The entire workflow was consistent. The first developer used Claude. The second used GPT. The model did not matter. The governance did.
The full release picture
Creating flags is the beginning. Unleash provides the infrastructure for the entire release lifecycle.
Rollout strategies let you target specific users, regions, or percentages of traffic. Start with internal users, expand to beta testers, then gradually increase to 100%. Release templates define reusable rollout patterns with automatic pauses if error rates spike.
Impact Metrics collect production signals directly from your application. Request rates, error counts, latency percentiles. These metrics tie directly to feature flags, so you can see exactly how a new feature affects your system. Automated progression advances the rollout when metrics are healthy and pauses when they are not.
Two open source projects, one governance stack
There is something fitting about combining OpenCode and Unleash. Both are open-source projects with strong communities and commercial offerings built on top.
OpenCode is free to use with any provider’s API key. Unleash’s open-source tier provides feature flag infrastructure at no cost. Together, they create a governance stack for AI-assisted development that is entirely vendor-neutral: choose your model, choose your feature flag platform, commit your governance definitions to version control.
For organizations that need more, both projects offer commercial tiers. OpenCode Enterprise adds SSO, private AI gateways, and managed configuration. Unleash provides advanced rollout strategies, impact metrics, change requests, and enterprise-grade infrastructure. The open-source foundation means you are never locked in.
Getting started
Adding the Unleash MCP server to OpenCode takes one configuration file. Create opencode.json at your project root:
{
"mcp": {
"unleash": {
"type": "local",
"command": ["npx", "-y", "@unleash/mcp@latest", "--log-level", "error"],
"environment": {
"UNLEASH_BASE_URL": "{env:UNLEASH_BASE_URL}",
"UNLEASH_PAT": "{env:UNLEASH_PAT}",
"UNLEASH_DEFAULT_PROJECT": "{env:UNLEASH_DEFAULT_PROJECT}"
}
}
}
}
Commit this file to version control. Credentials come from environment variables via {env:VAR} substitution, keeping secrets out of the repository. The same configuration works across OpenCode’s TUI, CLI (opencode run), and desktop app.
The Unleash MCP server also works with Claude Code, Cursor, GitHub Copilot, and Kiro. The OpenCode integration adds custom agents, skills, and commands on top, but the underlying MCP server is shared across all platforms.
For the full setup guide, including agent definitions, skill templates, and CLI workflows, see our OpenCode integration documentation.
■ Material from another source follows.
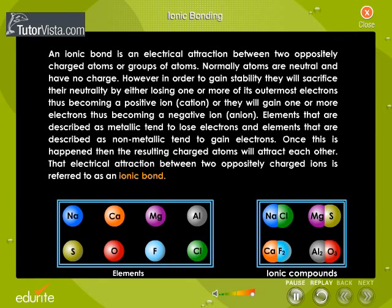Click on the symbols of elements on the left-hand side to view their electronic configurations one by one. Then click on ionic compounds, represented on the right, to see the formation of the ionic bond between the two elements forming the compound.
Governance that works across any model
The pattern across the industry is clear: AI-assisted development is accelerating code production but not the governance practices that keep software stable. Feature flags are the control layer. But the governance cannot live in the model when the model changes between sessions.
OpenCode’s custom agents encode policies at the tool level. The Unleash MCP server enforces FeatureOps practices below the model layer. Together, they create a governance stack that is model-neutral, open-source, and distributed through version control.
The result is a workflow where AI writes the code, governance is enforced by the tools, and releases are safe by default. Not because developers remember to follow the rules, but because the rules are built into the agent they already use. Regardless of which model powers it.